Alison Stewart: This is All Of It on WNYC. I'm Alison Stewart. Queens was the stopping ground for the world's most legendary names in jazz. Fats Waller and Count Basie lived around the corner from each other near Jamaica, just a few blocks away from Lena Horne and John Coltrane. Dizzy Gillespie was neighbors with Lewis Armstrong in Corona. Glenn Miller, Tony Bennett, Billie Holiday, Cannonball Adderley, Ella Fitzgerald, and Charles Mingus all once called Queen's home. Between the 1930s and '60s, many helped to desegregate some of the white neighborhoods in the borough. Back in 1998, Flushing Town Hall designed and published a map marking many of the historic jazz sites in Queens. Last year, got a bit of an update, and now there's a fully interactive digital version of the map that you can now use to plan a walking tour or simply see who might have you run into your new neighborhood. Joining me now to talk about the rich history of jazz in Queens, complete with our own soundtrack, by the way, I'd like to welcome jazz historian and scholar Ben Young. Hi, Ben.
Ben Young: Hello. Thank you, Alison.
Alison Stewart: And Clyde Bullard, who is Flushing Town Hall's jazz producer. He's been on the show before. Nice to talk to you, Clyde.
Clyde Bullard: Hello. Hey, glad to be here. You've got the best of both worlds. We have Ben Young, who's a jazz historian. I'm not a historian. I'm a producer and curator, so you got the best of both worlds from both sides.
Alison Stewart: Clyde, what about the history of the Queen jazz trail map? When and how did it come about?
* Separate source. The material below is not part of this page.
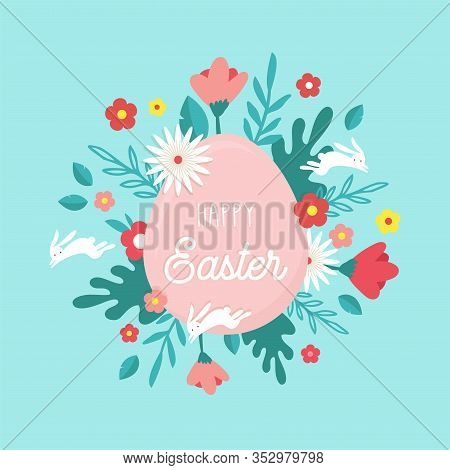 Happy Easter. Greeting Card, Posteror Banner With Bunny, Flowers And Easter Egg. Egg Hunt Poster. Sp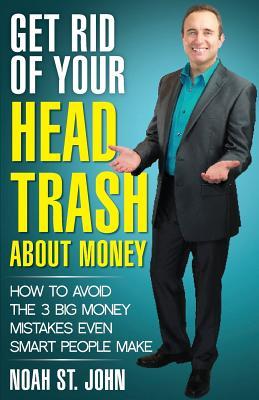 Get Rid of Your Head Trash About Money: How to Avoid the 3 Massive Money Mistakes Even Smart People Make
Clyde Bullard: Well, according to a narrative that we were given, it all began supposedly in 1923 with Clarence Williams and his wife, Eva Taylor, who had bought a home in Jamaica, Queens, on 108th street. They supposedly bought, I think, six adjoining lots. Now, he was a producer and pianist, and entrepreneur from Louisiana. He knew Louis Armstrong. Louis Armstrong came to visit him, and he really liked the Queen's feeling because it was very rural. He eventually relocated there, and it brought attention, and many other musicians from other areas of the country started moving into Queens because it was very close to the New York music scene.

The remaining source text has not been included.